From: Paolo Bonzini <pbonzini@redhat.com>
To: qemu-devel@nongnu.org
Cc: Peter Xu <peterx@redhat.com>,
qemu-stable <qemu-stable@nongnu.org>,
Zhiyi Guo <zhguo@redhat.com>,
David Hildenbrand <david@redhat.com>,
Fabiano Rosas <farosas@suse.de>
Subject: [PULL 17/25] KVM: Dynamic sized kvm memslots array
Date: Tue, 15 Oct 2024 16:17:03 +0200 [thread overview]
Message-ID: <20241015141711.528342-18-pbonzini@redhat.com> (raw)

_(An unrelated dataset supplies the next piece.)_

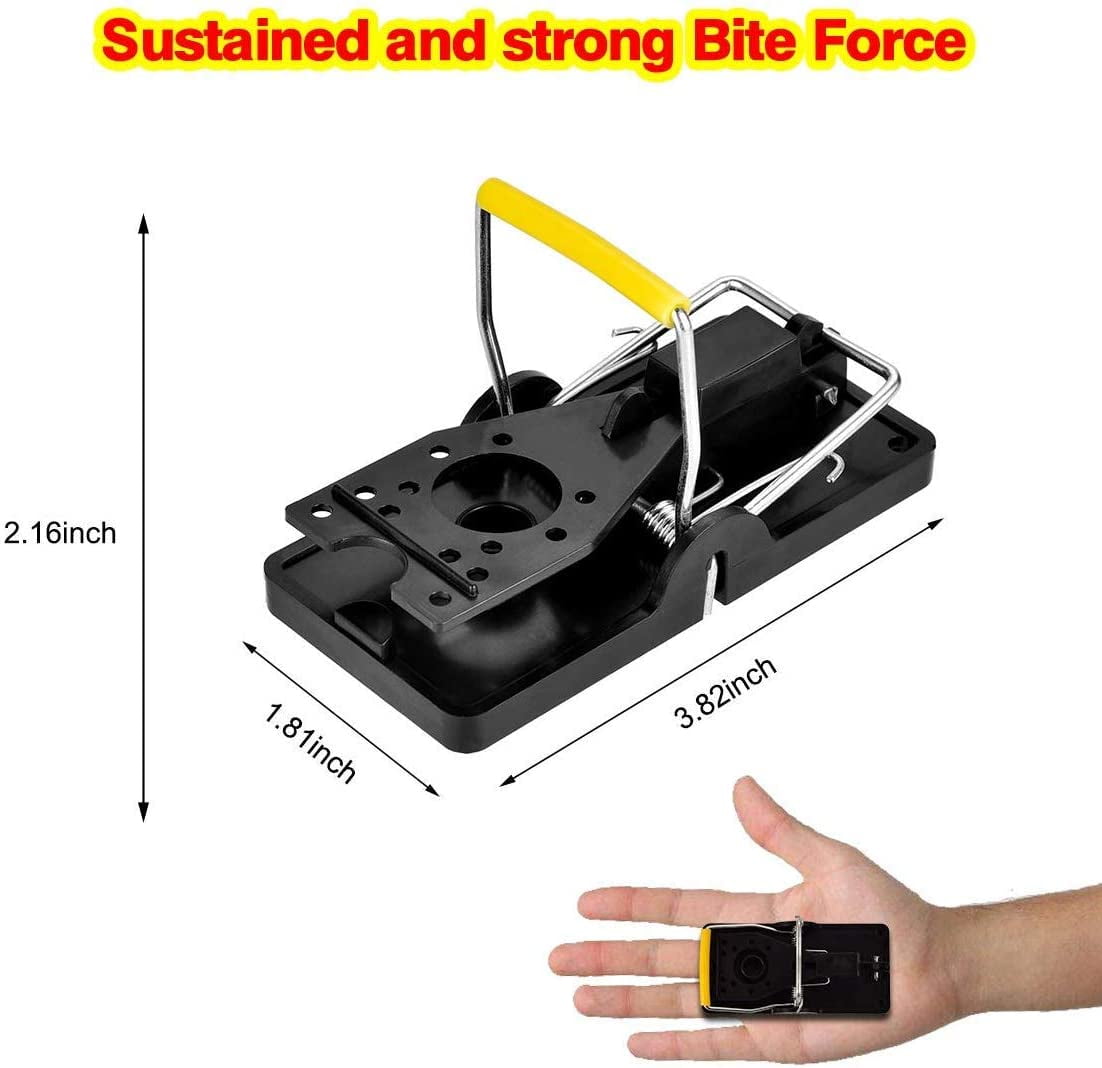 12 Pack Mouse Traps Indoor Outdoor Reusable Mice Catcher Quick Effective Safe Family Pet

In-Reply-To: <20241015141711.528342-1-pbonzini@redhat.com>
From: Peter Xu <peterx@redhat.com>
Zhiyi reported an infinite loop issue in VFIO use case. The cause of that
was a separate discussion, however during that I found a regression of
dirty sync slowness when profiling.
Each KVMMemoryListerner maintains an array of kvm memslots. Currently it's
statically allocated to be the max supported by the kernel. However after
Linux commit 4fc096a99e ("KVM: Raise the maximum number of user memslots"),
the max supported memslots reported now grows to some number large enough
so that it may not be wise to always statically allocate with the max
reported.
What's worse, QEMU kvm code still walks all the allocated memslots entries
to do any form of lookups. It can drastically slow down all memslot
operations because each of such loop can run over 32K times on the new
kernels.
Fix this issue by making the memslots to be allocated dynamically.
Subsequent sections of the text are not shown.